Looking deep in SL_SelfTest_DMA function, I found out that DMAECCSBE register got wrong value.

The function writes wrong value to address 0xFFF80010, but DMAECCSBE is set to 0x00000018 instead of 0x00000010. Also when I clear error info by writing 1 to SBERR bit and reading from DMAECCSBE register, it resets to 0x00000008 instead of 0x00000000 as noted in the documentation.

I followed the conclusion in this link(e2e.ti.com/.../tms570lc4357-dma-ecc-self-test-failing-randomly-due-to-incorrect-address-stored-in-dmaeccsbe) about ressetting DMA RAM before testing but the problem persists.

There are several things I noticed:

1. Unlike in the linked post, my test result is consistent and not random. The problematic address is always 0x00000018.

2. After initializing DMA RAM, I thought it would all be cleared to 0. However it had some value at every 0xn9 address(0x09, 0x19, 0x29, etc.). Following is the image of the memory after initialization.

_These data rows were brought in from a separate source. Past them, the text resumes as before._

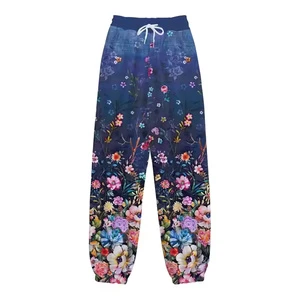 2025 Ladies New Collection Sport Pants And Trousers For Women's Custom logo Pant Long Length Wide Leg Pants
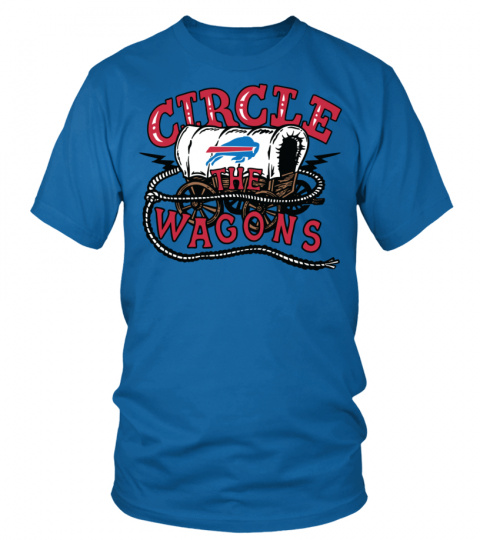 Buffalo Bills M Circle the Wagons Shirt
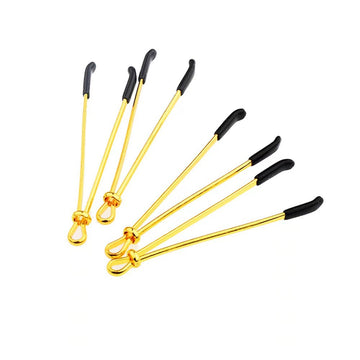 SM V-shaped nipple clamps adjustment elastic clip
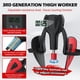 thumbnail image 2 of Thigh Trainer Thighaction de tercera generación, 0-45 kg, con contador negro, 2 of 7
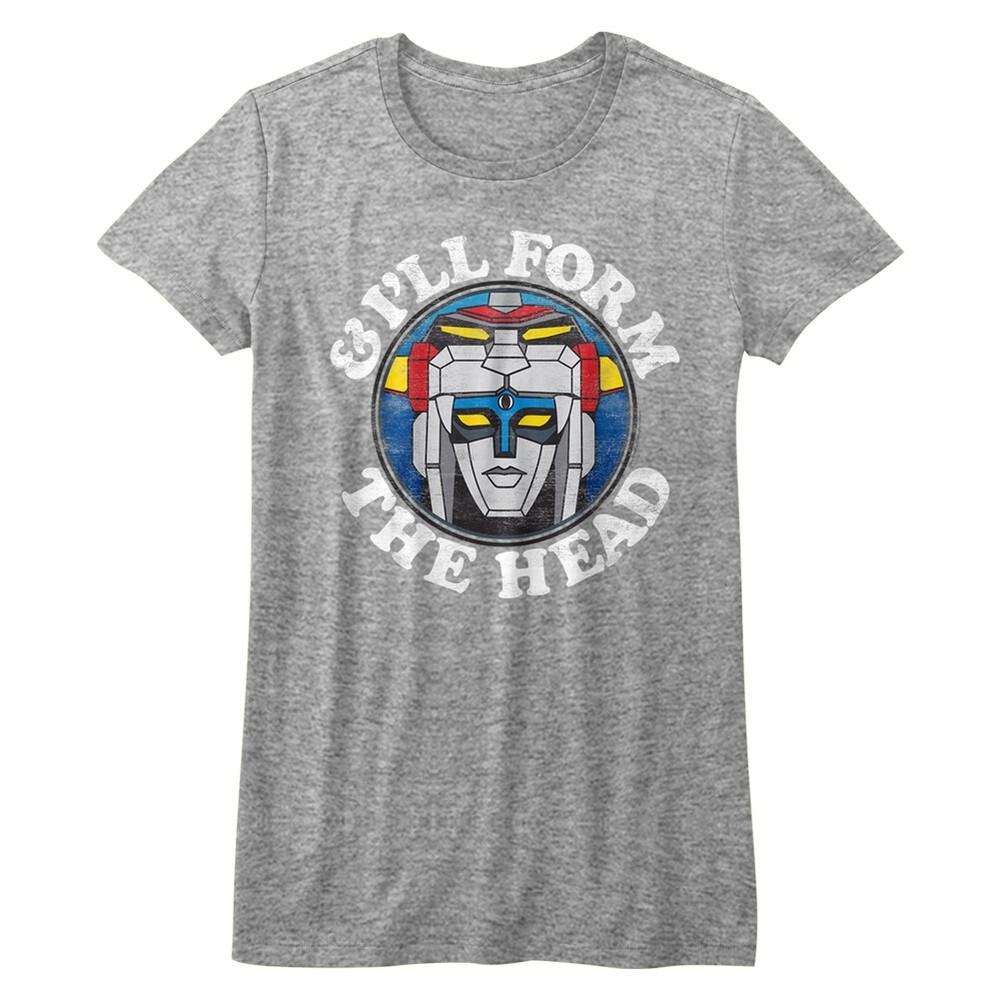 Voltron Cartoon & I ll Form The Head Women s Fitted T Shirt  Unisex T-Shirt XXL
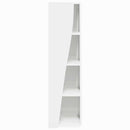 vidaXL Sarokszekrény 27,5x27x102cm Faanyag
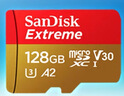 闪迪（SanDisk）128GB TF(MicroSD)内存卡4K极速金卡A2 V30 U3兼容大疆Pocket3/4P/Action 6运动相机/无人机存储卡 实拍图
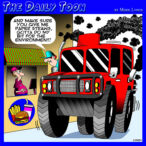 Hummer cartoon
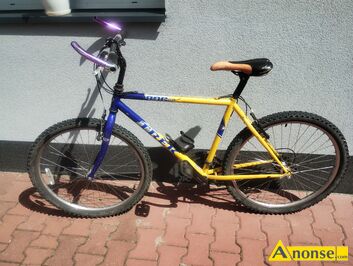 Anonse ROWER, trekingowy, SPRT, Sprzedam sprawny rower trekkingowy -g�rski, stan dobry, c.120z� do uzg.. RADOM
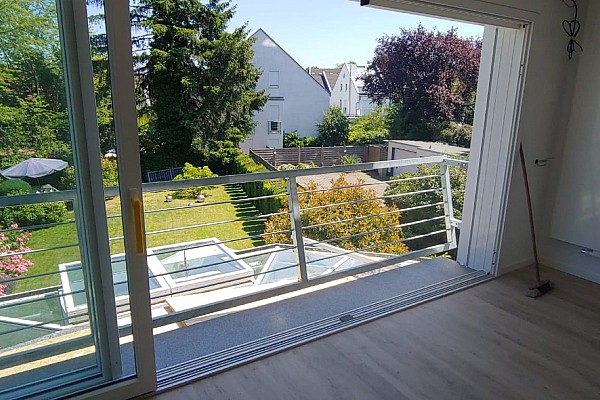 Brandschutz-Treppen und -Leitern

Unironically, it is part of problematic address when read as 4 byte data(0x18). When I manually reset those memory to 0 after initializing, DMAECCSBE register is set correctly to 0x00000010 and the test passes, like in following code:

dmaRAMBASE_t *dmaRAM = (dmaRAMBASE_t *)0xfff80000u;
dmaDisableECC();
dmaDisable();
dmaEnable();
dmaEnableECC();

SL_Init_Memory(RAMTYPE_DMA_RAM);

*(uint32_t *)0xfff80008 = 0;
*(uint32_t *)0xfff80018 = 0;

execResult = SL_SelfTest_DMA(dmaTests[subIndex].testType);

Can someone help me figure out what's going on, and how can I solve this issue fundamentally?

Thank you!
  • Hi Kim,

    Apologies for the delay:

    Understanding the Problem and Your Findings:

    1. DMAECCSBE Value: The DMAECCSBE (DMA ECC Single-Bit Error Address) register stores the byte address where a single-bit ECC error occurred. When it shows 0x00000018, it means an ECC error was detected at byte address 0xFFF80018 (relative to the DMA RAM base 0xFFF80000).
    2. SL_Init_Memory Issue: Your observation that SL_Init_Memory(RAMTYPE_DMA_RAM) does not fully clear the DMA RAM, specifically leaving 0xn9 values, is the key.
      • DMA RAM on TMS570L4357 is typically 2KB, from 0xFFF80000 to 0xFFF807FF.
      • The 0xn9 pattern is suspicious. When you read 4-byte data, 0x18 can be formed from these patterns. For example, if 0xFFF80018 contains 0xXX000009 (where XX is some other byte), and the ECC logic expects 0x00000000 for a clean state, this pre-existing 0x09 (or 0x19, 0x29, etc.) could be interpreted as a single-bit error when the ECC is enabled and the memory is accessed.
    3. Manual Clear Fix: When you manually set *(uint32_t *)0xfff80008 = 0; and *(uint32_t *)0xfff80018 = 0;, you are effectively clearing the problematic pre-existing data that was causing the ECC error at those specific locations. This confirms that the content of the memory, not necessarily the SDL's fault injection, is the initial problem.
    4. DMA ECC Self-Test Expectation: The SDL's DMA ECC self-tests (especially DMA_ECC_TEST_MODE_1BIT and DMA_ECC_TEST_MODE_2BIT) rely on a pristine memory state. They inject a specific fault (1-bit or 2-bit) and then verify that only that injected fault is detected. If there are pre-existing ECC errors due to uninitialized memory, the test will fail because it detects an unexpected error.
    5. 0x00000008 Residual: The 0x00000008 residual after clearing the SBERR bit might indicate another minor issue or a specific behavior of the DMA ECC register on your device, but it's secondary to the main problem of the initial 0x18 error. The primary goal is to get the test to pass, which means preventing the initial 0x18 error.

    Root Cause:

    The fundamental issue is that SL_Init_Memory(RAMTYPE_DMA_RAM) in your SDL version (2.4.0) on TMS570L4357 is not fully or correctly initializing the entire DMA RAM to a known, ECC-clean state (e.g., all zeros). This leaves residual data that triggers ECC errors when the DMA controller accesses these locations with ECC enabled, interfering with the self-test.

    Solution:

    The most robust and fundamental solution is to explicitly zero out the entire DMA RAM before running the SDL DMA self-tests. This ensures a clean slate, allowing the SDL's fault injection to be the only source of ECC errors during the test.

    --
    Thanks & regards,
    Jagadish.

  • OK... but Why does SL_Init_Memory not fully initialize memory? It's supposed to do so.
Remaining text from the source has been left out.